Here is a video of Terrence Deacon, someone who needs no introduction on this website, giving a talk at Irving K. Barber Learning Centre about his latest research into language evolution:
I personally think these ideas being circulated by Deacon are our best avenue for exploring how language evolved. At its core, his proposal is that the relaxation of selection pressures allows genetic control to be offloaded onto epigenetic processes. This in turn allows for a greater influence of social transmission due to development being open to experiential modification. Our capacity for language, then, is a story of how developmental and evolutionary dynamics interact. As a recent post over at Babel’s Dawn notes, this is basically a three-phase scenario:
- Standard primate brain in which midbrain areas (older parts of the brain) control vocal emotional communications.
- A duplication of a section of the genome leads to “relaxed selection” and extensive cross talk between many cerebral cortical systems (newer parts of the brain).
- “Unmasked selection” fixes new functional coordination and drives the brain’s anatomical reorganization.
The first aspect we need to appreciate is how Darwinian-like processes operate at the developmental-level. Deacon cites many instances, such as the fine-tuning of axonal connection patterns in the developing nervous system, where developmental processes are achieved through selection-like operations. Importantly, though, the logic differs from natural selection in one respect: “selection of this sort is confined to differential preservation only, not differential reproduction. In this respect, it is like one generation of the operation of natural selection”. The point he’s trying to get across is that these intraselection processes are taking place right across nature. Take, for instance, the genus Spalax (the blind mole rat): during development its thalamic visual nucleus is dominated by brainstem auditory and somatic projections. This is because the blind mole rat has vestigial eyes (hence the name), with projections from their small retinas being out-competed in favour of somatic and auditory functions. As Deacon notes in a recent paper (which I wrote about here):
Experimental manipulations in other species, in which projections from one sensory modality are reduced in early development, likewise exhibit analogous takeover effects, and manipulations of the sensory periphery likewise demonstrate that intraselection adapts neural functional topography with respect to functional experience.
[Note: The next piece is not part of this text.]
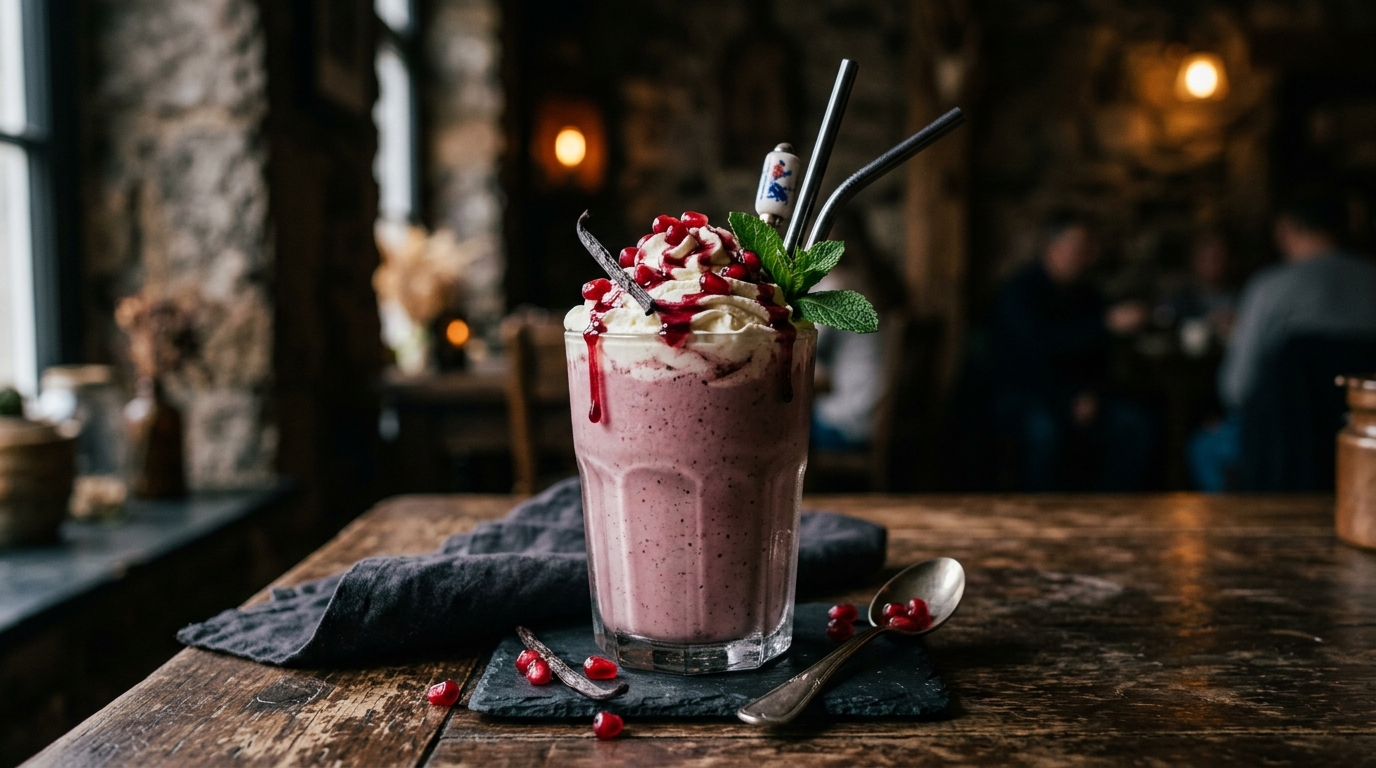 Finished pomegranate vanilla bean milkshake served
Such developmental flexibility is crucial in that it provides a general mechanism for natural selection to recruit in brain evolution. And as such, it is almost certainly relevant to the evolution of our brain in relation to language. From this evodevo perspective, Deacon goes onto highlight how Darwinian processes characterising natural selection (replication, variation, and differential fitness) have analogous counterparts in intraorganismic processes (redundancy, degeneracy, and functional interdependencies):
First, they involve processes that produce functional integration and/or adaptation even though they are generated by mechanisms that are dissociated from this consequence. Second, they all involve the generation of redundant variant replicas of some prior form (gene, cell, connection, antibody, etc.) brought into interaction with each other and with an external context in a way that allows these differences to affect their subsequent distribution. And third, their preservation and expression are dependent on correlation with context.
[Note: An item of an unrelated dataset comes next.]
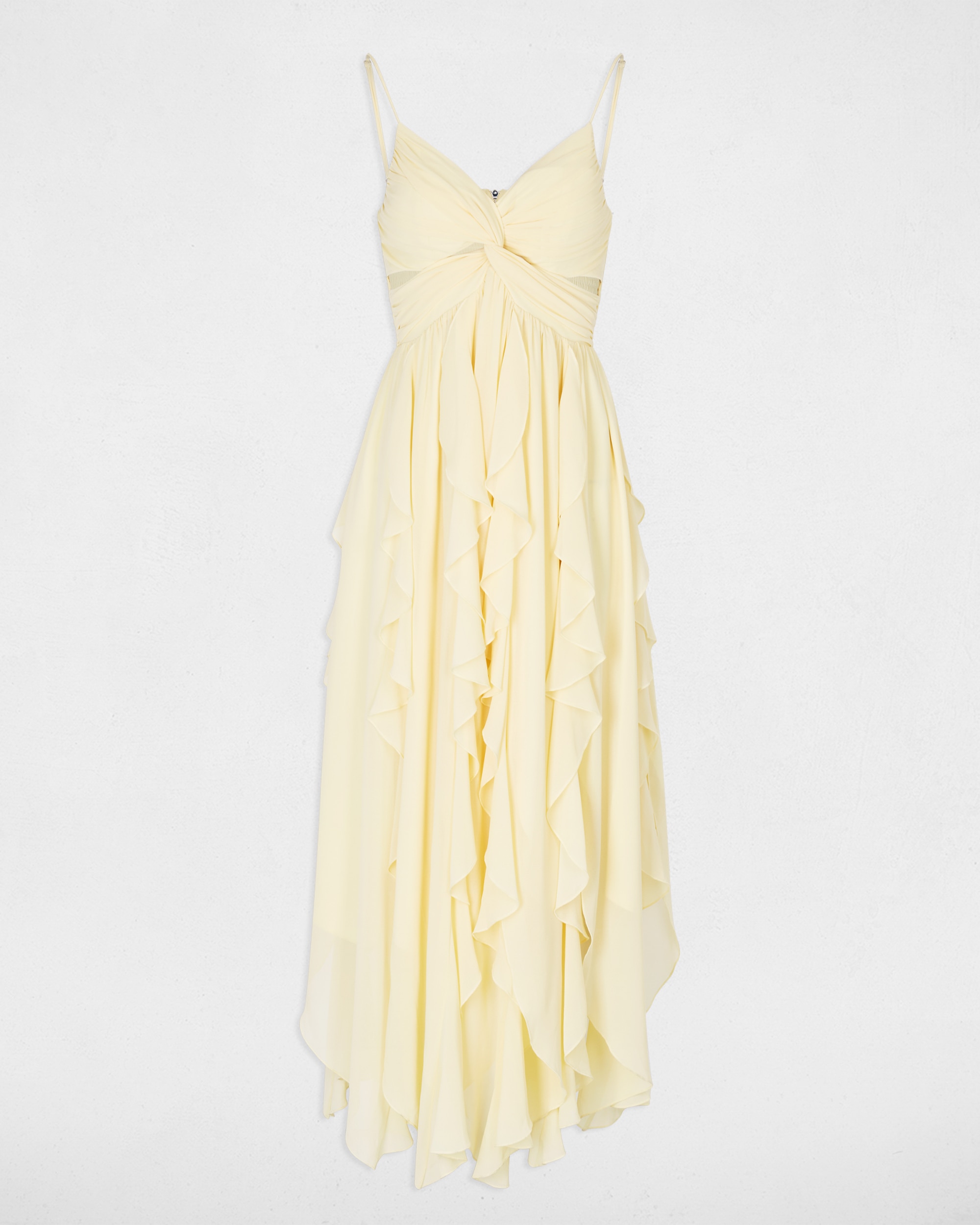 Vestido Comprido com Decote em V Amarelo-2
According to Deacon, these parallels with evolutionary processes are generally distinguished through the level at which selection operates — and how these interactions generate functional redundancy. Specifically, he looks at three types of redundancy: (i) internal redundancy; (ii) external redundancy; and, (iii) global external redundancy. By appealing to the dedifferentiation and redistribution effects of relaxed selection, the tendency is to shift from an innate, localised function onto a more distributed array of systems.
That’s it for now. I’m sure I’ll come back to this at a later point.